I thought I was conducting this book tour because I was looking for one particular book. I thought I was seeking a book to highlight here, to lovingly hold up as my first official book "recommendation."

But I was really remembering who I was and where I'd been. As a reader, I have a map of my life---right here, on my shelves.

Friday, July 6, 2007

Expectations

Admit it. This is not what you expected to see.

But it's who I am. Or at least one tiny bit of who I am, in a punky Halloween mood. I'm showing you this side of me because after yesterday's oh so serious post, I didn't want any of you to get any...you know, EXPECTATIONS.

Expectations that I would post poetry every day. (Although, yes, I love writing poetry.) That I would always talk about Big Issues. (Although, yes, I love a great conversation with friends.) That I would only use one word titles. (Although, oops, I did that again today.)

So, let's talk about your expectations. What do you expect from a writer's book? If she's a new author, do you expect to make a friend? If she's a familiar author, do you want her next book to be "just like the last one," only "better"? Do you delight in having your book expectations met?

Or are you like me? Do you like books that surprise you? I'm the series author's nightmare. Because if I pick up a book, and it's just like the last one, well...I've been there before. (And don't get me started on series that cut off in mid-story, leaving me to dangle until the next hype cycle.) Heck, I even want my own writing to surprise me.
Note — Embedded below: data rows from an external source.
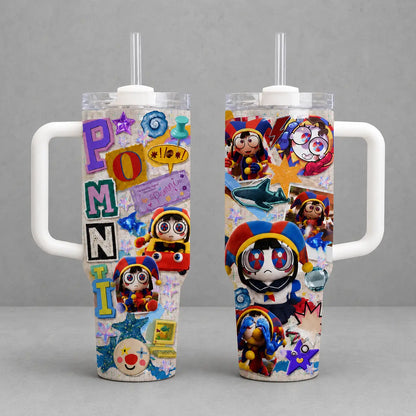 Jax the Amazing Digital Circus Tumbler 40/30/20Oz Insulated Cup with Handle, Purple Rabbit Colorful Cartoon Travel Mug Gift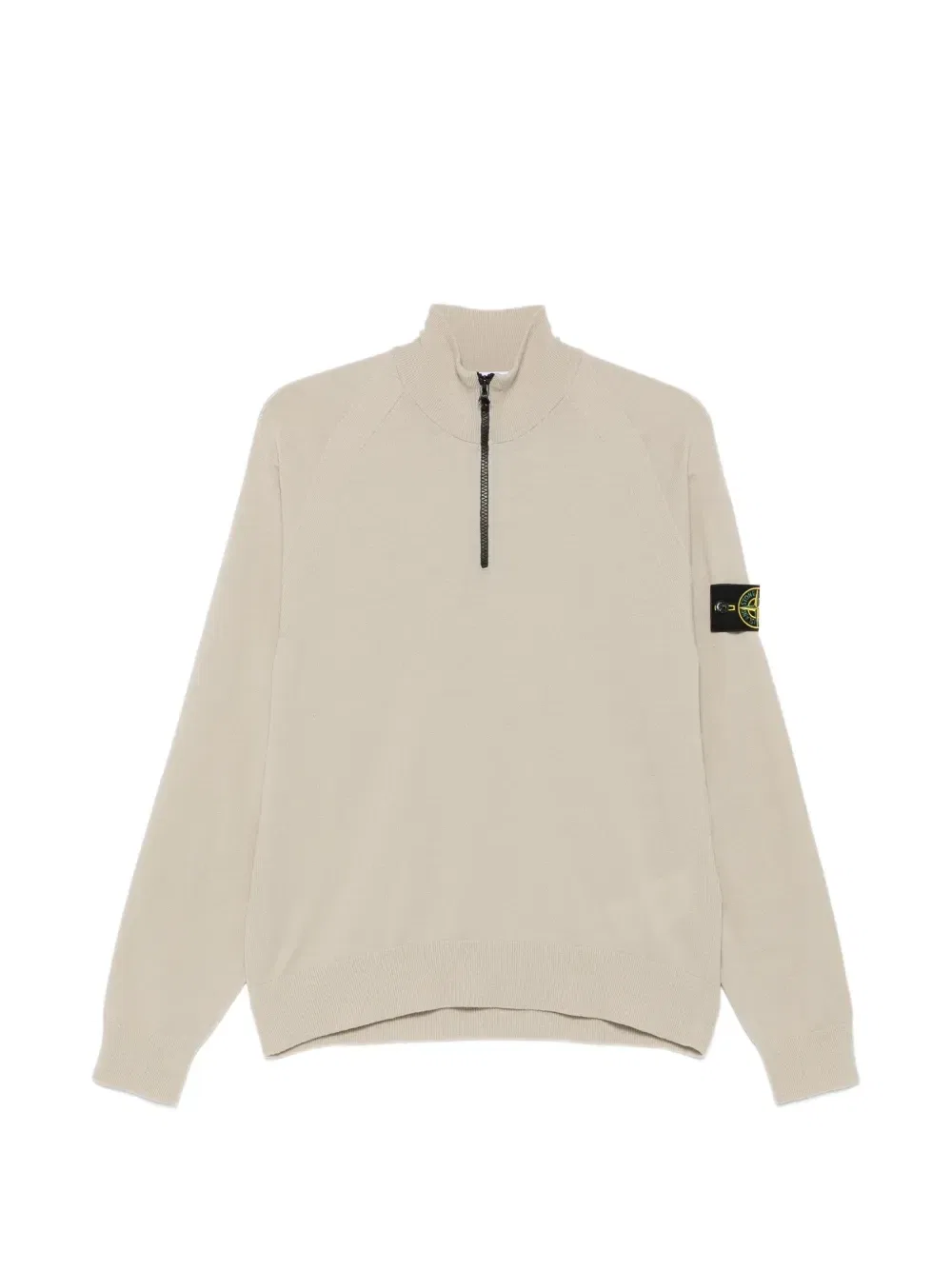 Свитер с молнией на воротнике и нашивкой-логотипом Stone Island, бежевый
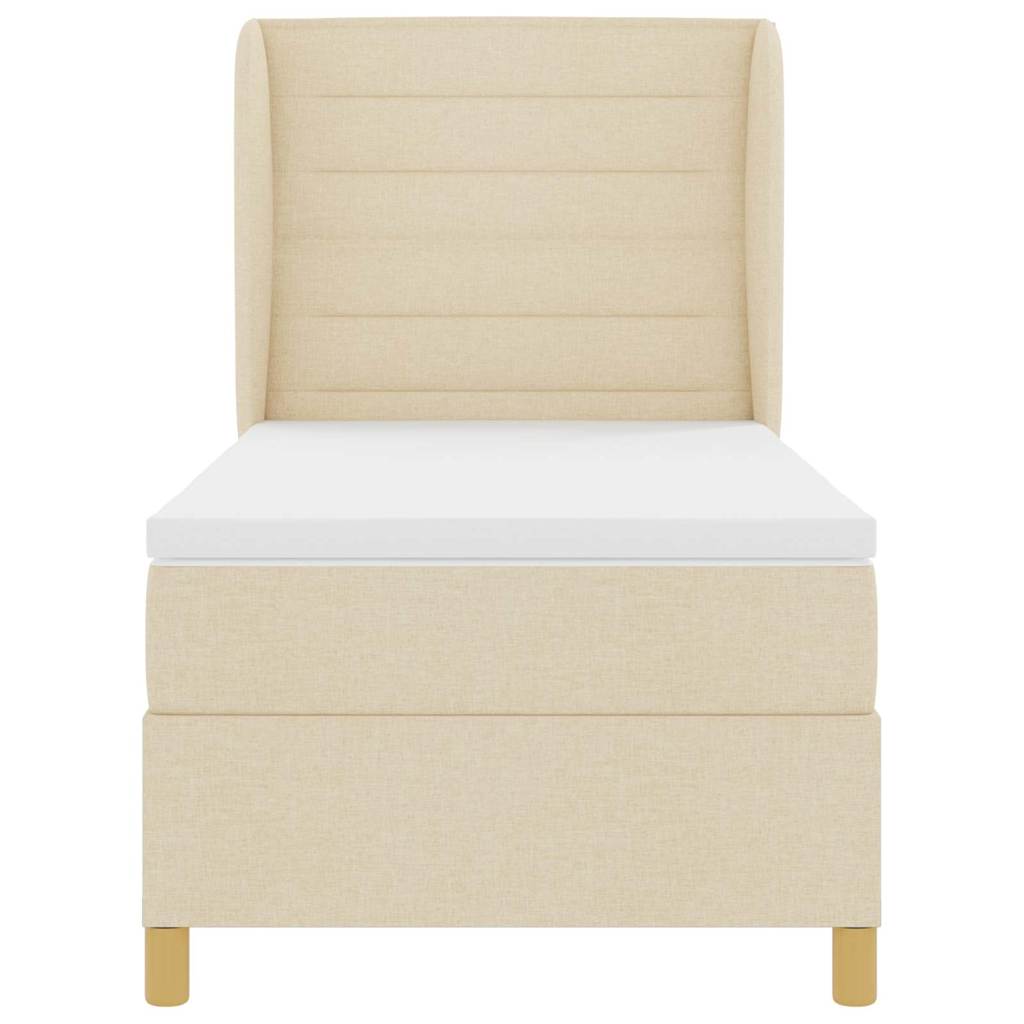 vidaXL Κρεβάτι με ελατήρια με στρώμα Κρεμ 190 x 90 cm ύφασμα
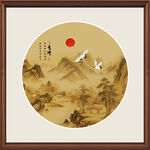 圆形古风背景山水图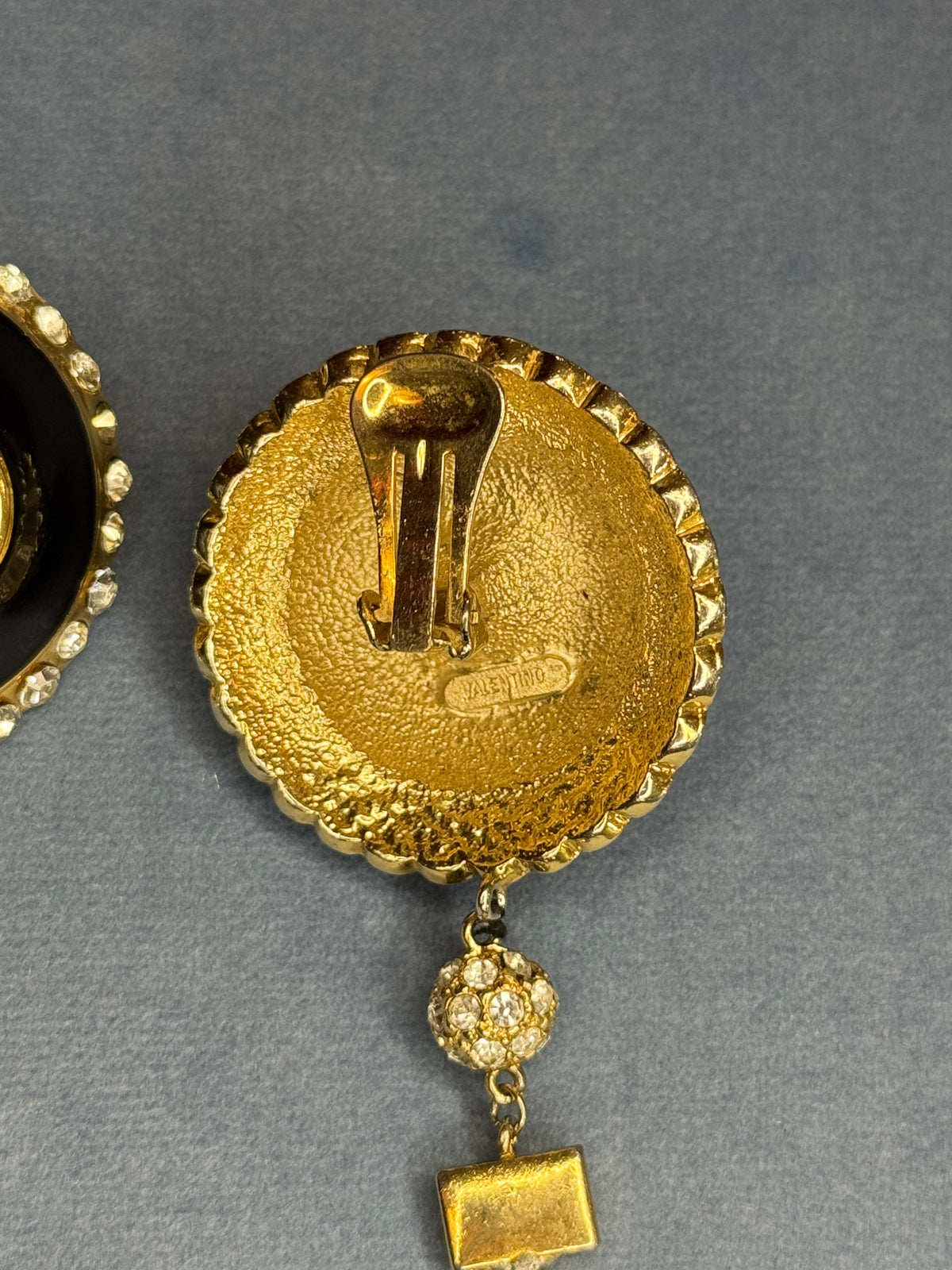 Valentino clip-on earrings, black glass, 1980s
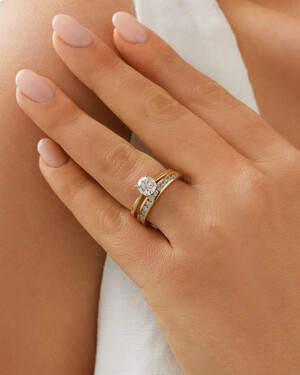 Evermore Certified Solitaire Engagement Ring with 1 Carat TW Diamond in 14kt Yellow/White Gold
I want a complete story. I want a fresh story. And I want the author (and my own writing) to take me someplace I never expected to go.

Really, is that expecting too much?




Enter

I like the word enter rather than the word begin because begin has always terrified and paralyzed me. Begin evokes the command of a professor at the start of an exam, and implies a linear route to a fixed end. Enter seems much more inviting, conjuring up the image of multiple doorways into a fascinating place. And of course, if you enter, rather than begin, you can always exit, re-emerging from that fascinating place, perhaps by a different door, changed by your experiences within. This is why I write.

I also write because it is the only way I know how to be part of the Eternal Conversation. "Truth," says Parker Palmer, "is an eternal conversation about things that matter, conducted with passion and discipline." So today, I'm entering the conversation by joining in with Poetry Friday.

Jules, over at Seven Impossible Things Before Breakfast, asked about the healing power of art. This is my reply. Perhaps I should have saved it for a more appropriate month. But that is the thing about entering. You use the door that is open before you.



The Bones of January


I love the plainness of January

when I have taken down my Christmas


finery, and in the shock

of my home stripped bare, I see


the corners of my rooms

again. And outside, all is


stark, gray, glorious

with no false beauty to help me


pretend that I am satisfied.


In January, I kneel beside my children’s

sleeping faces, and let them break

the leafless branches

that cage my chest.


And outside, all is

undone. Roots rend

the earth like bones.


How did this happen?

That all should be taken


down–

and that love,

love should be plain


as January?


---Sara Lewis Holmes


Poetry Friday Roundup is at Farm School today.